Image-text web data |
# # #
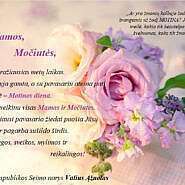 LR Seimo nario Valiaus Ąžuolo sveikinimas Motinos dienos proga!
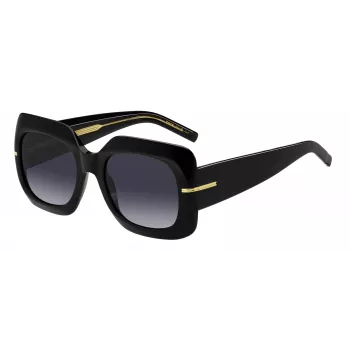 HUGO BOSS BLACK occhiali da sole donna BOSS1730S807 - montatura rettangolare in acetato, lenti grigie, 54 mm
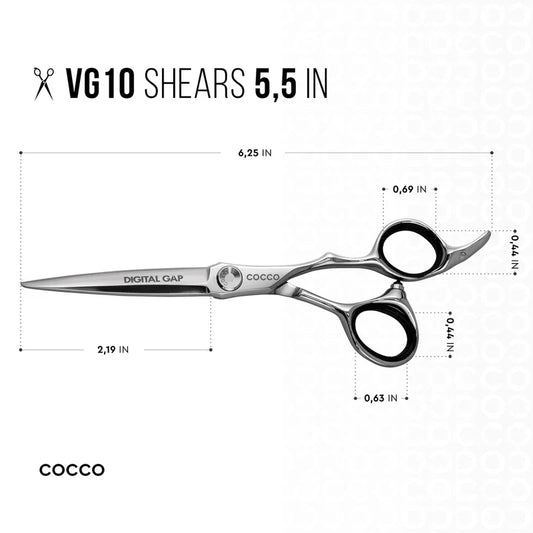 Cocco VG10 5.5" Cutting Shear and 6" Thinning Shear (Right Hand Set)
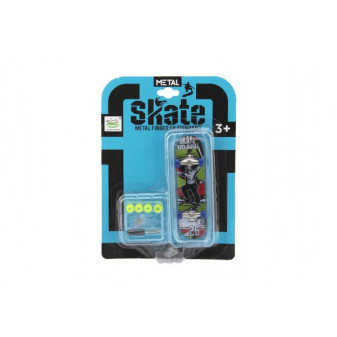 Skateboard prstový šroubovací plast 9cm s doplňky mix barev na kartě 12,5x17x3cm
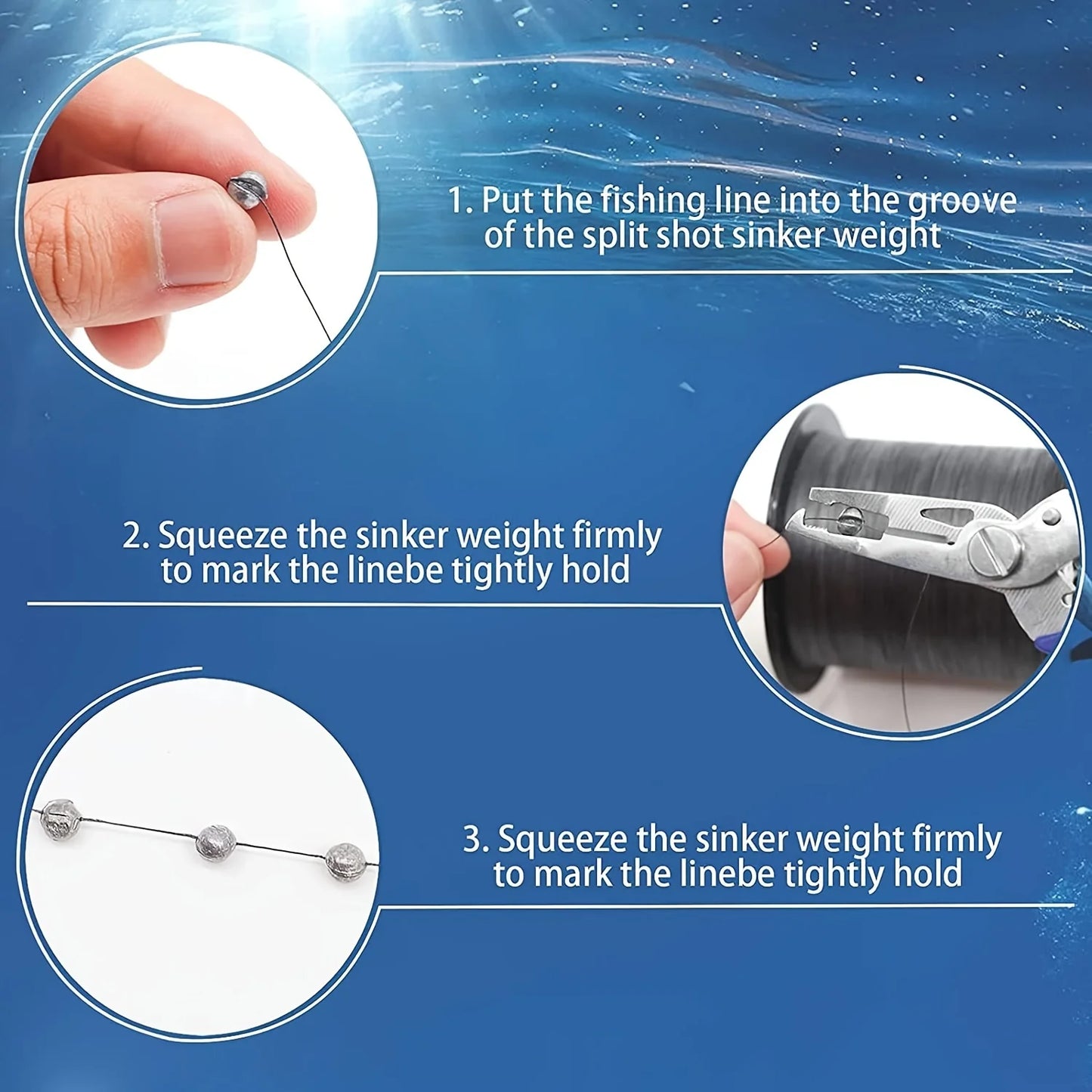 Plombs de tir pêche ajustables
# # #
Instructions to follow | Reprint the data verbatim, pictures excluded.

Task solution |
 LR Seimo nario Valiaus Ąžuolo sveikinimas Motinos dienos proga!
 HUGO BOSS BLACK occhiali da sole donna BOSS1730S807 - montatura rettangolare in acetato, lenti grigie, 54 mm
 Cocco VG10 5.5" Cutting Shear and 6" Thinning Shear (Right Hand Set)
 Skateboard prstový šroubovací plast 9cm s doplňky mix barev na kartě 12,5x17x3cm
 Plombs de tir pêche ajustables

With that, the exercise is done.